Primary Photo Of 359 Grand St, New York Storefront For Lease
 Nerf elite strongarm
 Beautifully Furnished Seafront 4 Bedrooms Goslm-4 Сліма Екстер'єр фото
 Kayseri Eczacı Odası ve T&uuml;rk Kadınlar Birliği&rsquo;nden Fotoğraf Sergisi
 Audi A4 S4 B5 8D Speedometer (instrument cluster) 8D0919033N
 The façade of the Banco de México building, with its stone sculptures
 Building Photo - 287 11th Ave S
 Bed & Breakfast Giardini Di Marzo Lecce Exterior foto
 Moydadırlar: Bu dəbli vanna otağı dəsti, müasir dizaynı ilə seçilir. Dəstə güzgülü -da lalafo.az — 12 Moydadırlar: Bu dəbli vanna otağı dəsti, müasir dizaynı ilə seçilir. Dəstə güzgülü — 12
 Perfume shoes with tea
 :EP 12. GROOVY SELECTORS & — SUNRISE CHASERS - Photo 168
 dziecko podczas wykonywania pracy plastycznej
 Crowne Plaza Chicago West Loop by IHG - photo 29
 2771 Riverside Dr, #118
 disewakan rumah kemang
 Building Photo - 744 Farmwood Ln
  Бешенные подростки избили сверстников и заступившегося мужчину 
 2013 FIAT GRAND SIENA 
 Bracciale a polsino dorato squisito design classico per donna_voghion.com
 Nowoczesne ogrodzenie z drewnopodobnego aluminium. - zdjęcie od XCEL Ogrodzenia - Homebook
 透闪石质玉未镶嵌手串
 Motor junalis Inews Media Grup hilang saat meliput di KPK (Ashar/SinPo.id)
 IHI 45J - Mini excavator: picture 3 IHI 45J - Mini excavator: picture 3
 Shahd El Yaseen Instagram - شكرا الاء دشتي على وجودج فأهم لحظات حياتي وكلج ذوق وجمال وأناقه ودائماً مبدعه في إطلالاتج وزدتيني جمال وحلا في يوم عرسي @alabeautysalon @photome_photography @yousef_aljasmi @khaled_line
======
## Task directions
Whenever a line in the material contains the word "with", copy that line.

## Result
 The façade of the Banco de México building, with its stone sculptures
 Perfume shoes with tea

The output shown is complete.